[Start of section]

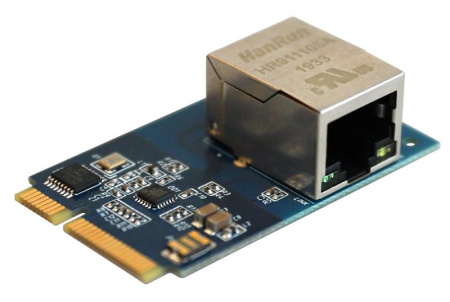 Модуль расширения Smart "Ethernet"  100035601800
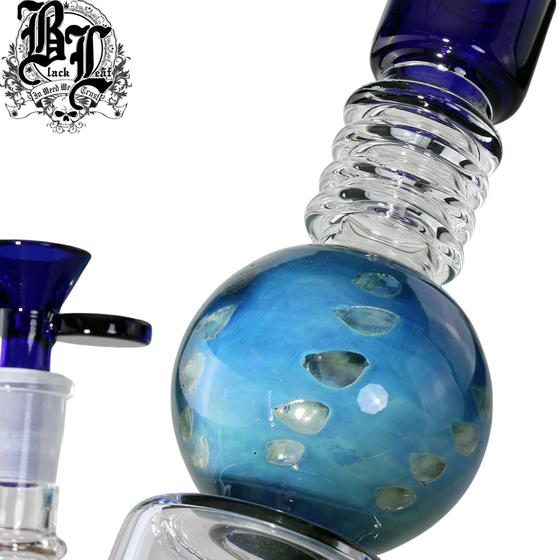 Perkolatorbong, Black Leaf®, Arty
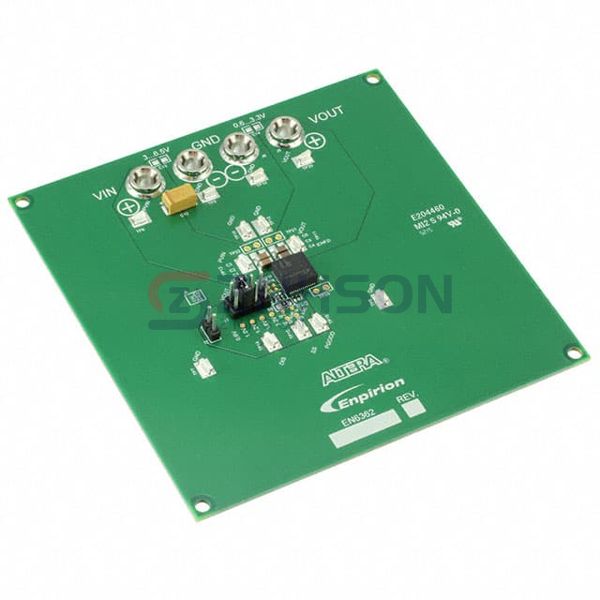 EVB-EN6362QI Preview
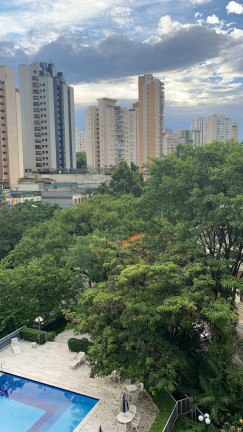 Imagem Apartamento com 3 Quartos à Venda, 154 m² em Jardim Vila Mariana - São Paulo Imagem Apartamento com 3 Quartos à Venda, 154 m² em Jardim Vila Mariana - São Paulo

[End of section]

-- WORK TO BE COMPLETED --
Repeat each line word for word, from the one with "Perkolatorbong, Black Leaf®, Arty" down to the last line of the data, and keep the pictures out of it.

-- ANSWER BOX --
 Perkolatorbong, Black Leaf®, Arty
 EVB-EN6362QI Preview
 Imagem Apartamento com 3 Quartos à Venda, 154 m² em Jardim Vila Mariana - São Paulo Imagem Apartamento com 3 Quartos à Venda, 154 m² em Jardim Vila Mariana - São Paulo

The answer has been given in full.